O prêmio de melhor diretor ficou com David Gordon Green, pela comédia Prince Avalanche, enquanto o filme canadense Vic+Flo Ont Vu um Ours, de Denis Côté, obteve o Prêmio Alfred Bauer, em memória ao fundador da Festival de Berlim.
O Festival de Berlim também premiou o iraniano Jafar Panahí com o Urso de Prata de melhor roteiro – dado geralmente às produções com sabor político – para Pardé, um filme que foi rodado burlando a inabilitação profissional de Teerã.
O júri de Wong, além disso, premiou o estreante cazaque Emir Baigazin por Harmony Lessons (Uroki Garmonii), o primeiro filme do Cazaquistão a entrar na competição do festival e que, de quebra, levou o Urso de Prata de melhor contribuição artística por seu belíssimo trabalho de câmera.
A cerimônia de premiação do Festival de Berlim também foi marcada por seu ar caseiro, já que a maioria dos grandes astros convidados – como as atrizes Catherine Deneuve e Isabelle Huppert, e diretores como Steve Soderbergh e Gus Van Sant -, foram presenças assíduas na chamada “era (Dieter) Kosslick”.
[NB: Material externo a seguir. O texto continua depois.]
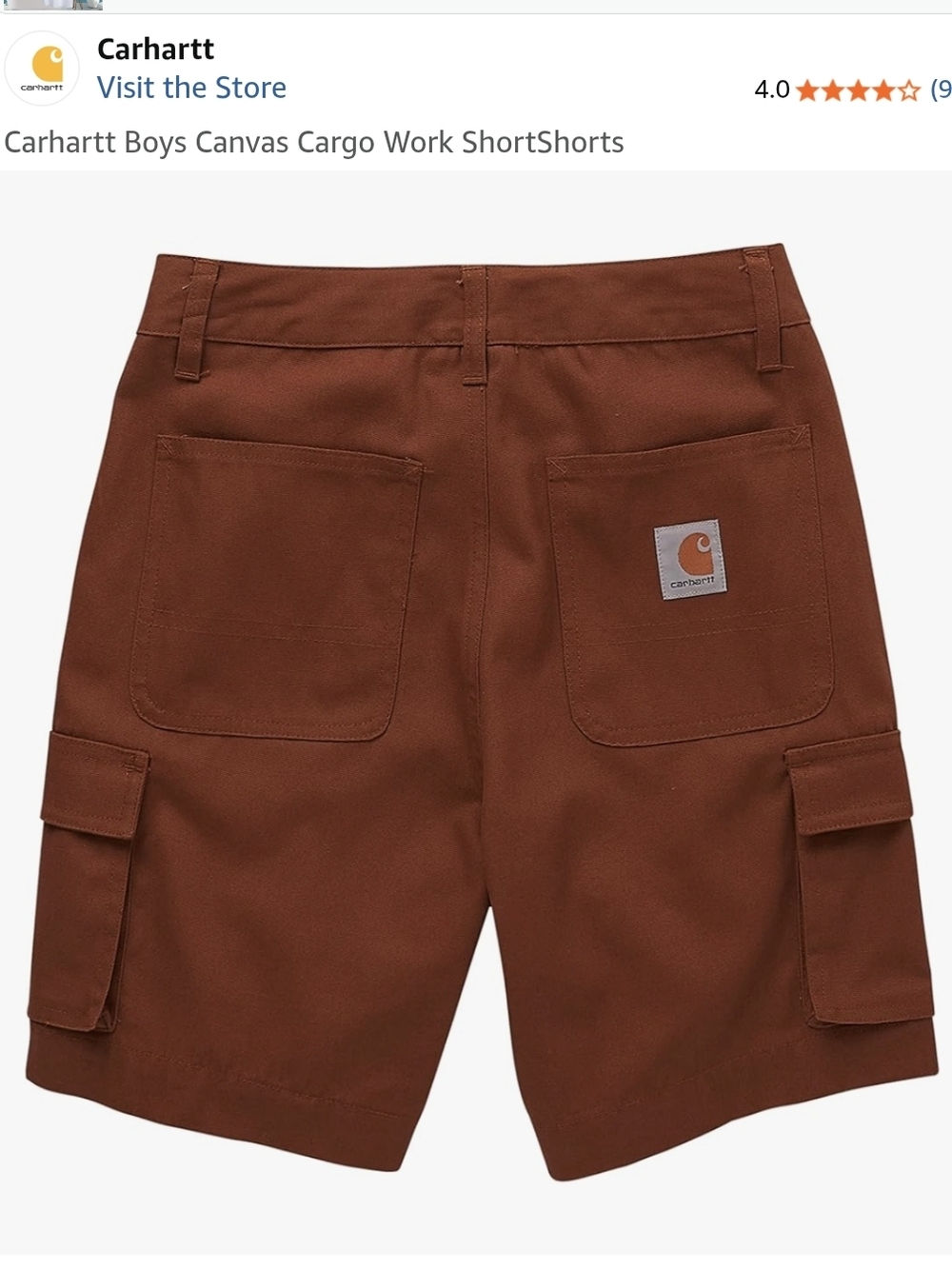 Carhartt Boy's Cargo Shorts in Brown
Kosslick, diretor do festival desde 2001, também não se esqueceu de exaltar sua habitual mensagem política com o prêmio dado a Panahi, que não compareceu a cerimônia, como também não pôde fazê-lo quando foi membro de seu júri em 2011, por estar em regime de prisão domiciliar.
A 63ª edição do Festival de Berlim saboreou pouco do cinema europeu – a exceção da França -, o que Kosslick atribuiu aos efeitos das crises na indústria cinematográfica, fato que também pode justificar a falta de brilho midiático do habitual tapete vermelho.
Com 300 mil entradas vendidas ao público, o Berlinale se revalida como um festival eminentemente cidadão, ao contrário de seu rival direto, o elitista Festival de Cannes.
Fiel a esse público, a 63ª do Festival de Berlim terá amanhã mais uma jornada em sua existência com o tradicional Dia do Espectador, reservado ao cidadão que geralmente não possui condições para comparecer ao festival.